● ACTIVITY
Using the entries that follow, transcribe only the lines from the line with "Scott, AI character: a" to the line with "商务人士手持手机操作平板与笔记本电脑图片", both included, exactly as they stand and without pictures.

● RECORDS FOR THIS EXERCISE
/---

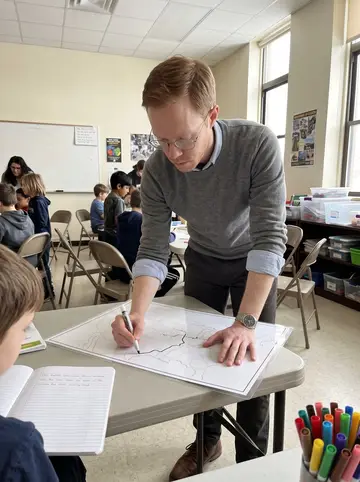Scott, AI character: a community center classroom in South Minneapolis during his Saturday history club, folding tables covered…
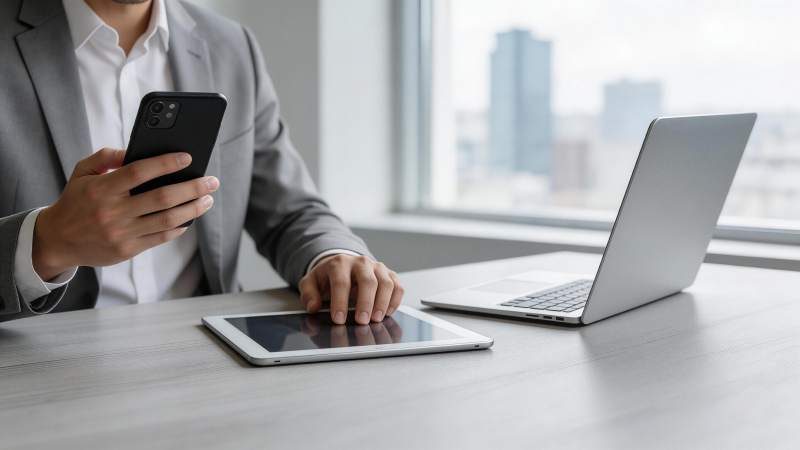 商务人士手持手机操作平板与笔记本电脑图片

\---
/---

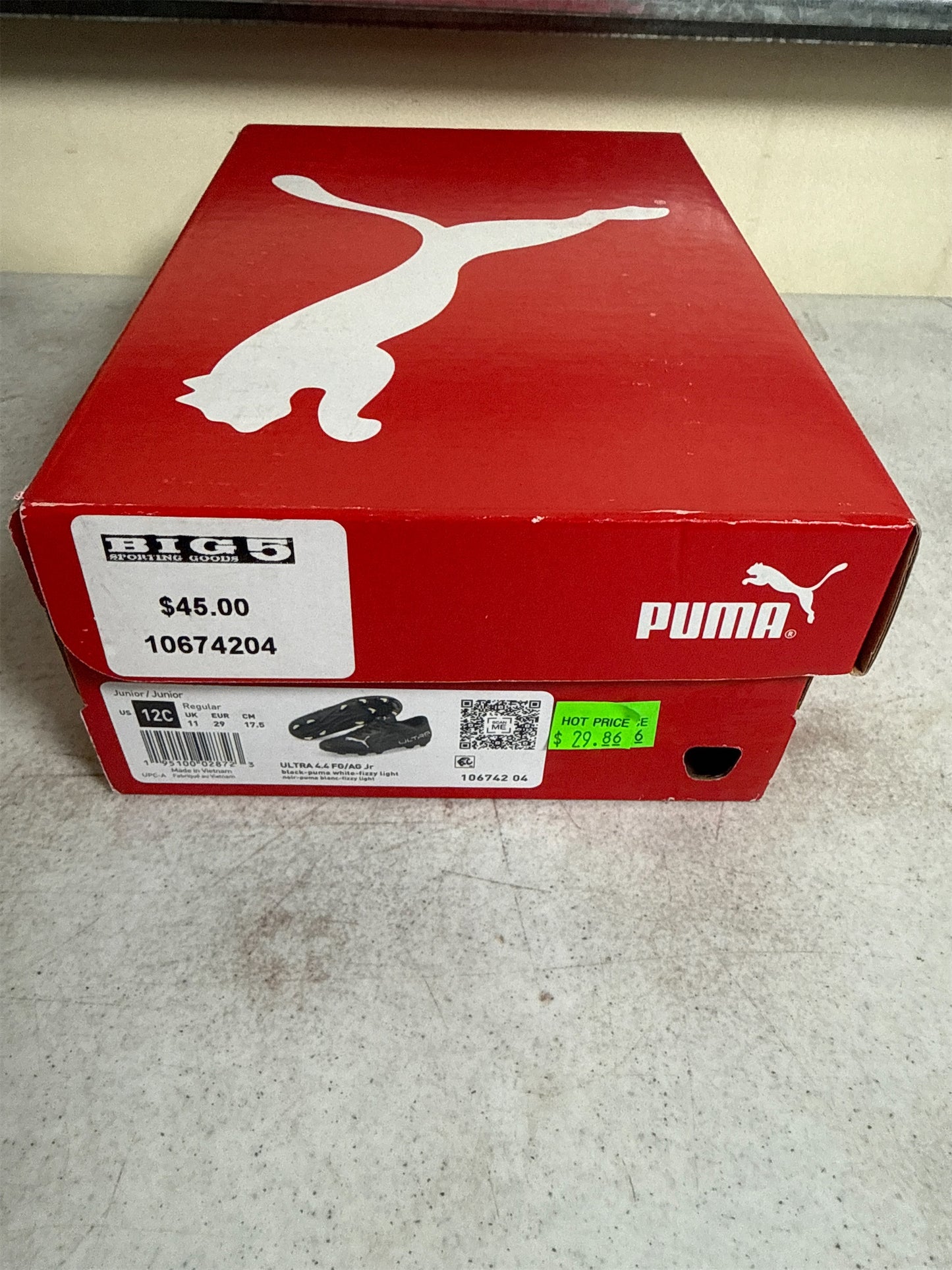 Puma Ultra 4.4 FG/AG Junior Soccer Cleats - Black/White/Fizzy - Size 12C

\---
/---

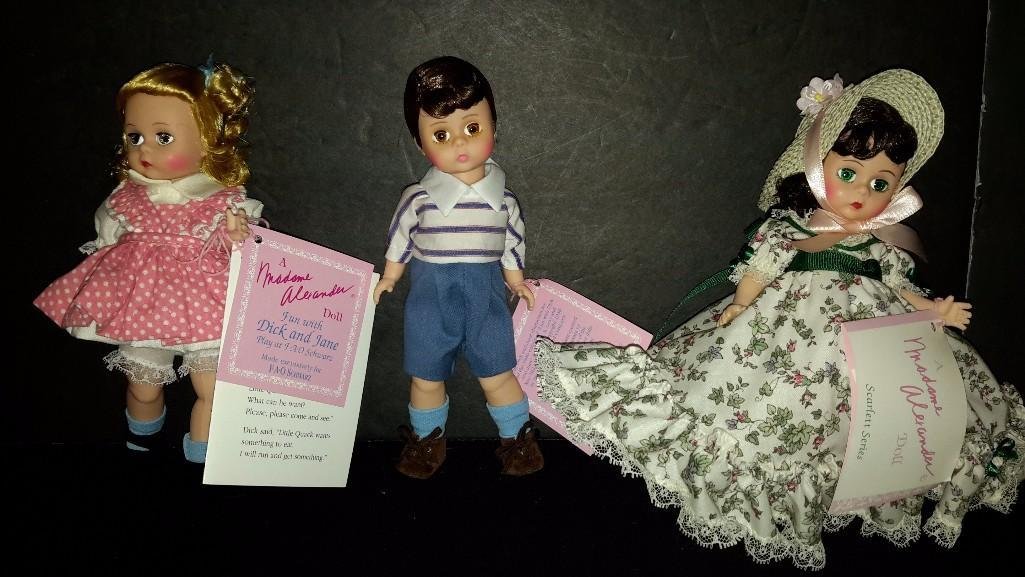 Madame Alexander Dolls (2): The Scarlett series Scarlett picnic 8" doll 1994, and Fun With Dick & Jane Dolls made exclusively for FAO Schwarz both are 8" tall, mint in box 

\---

● YOUR RESPONSE
Scott, AI character: a community center classroom in South Minneapolis during his Saturday history club, folding tables covered…
 商务人士手持手机操作平板与笔记本电脑图片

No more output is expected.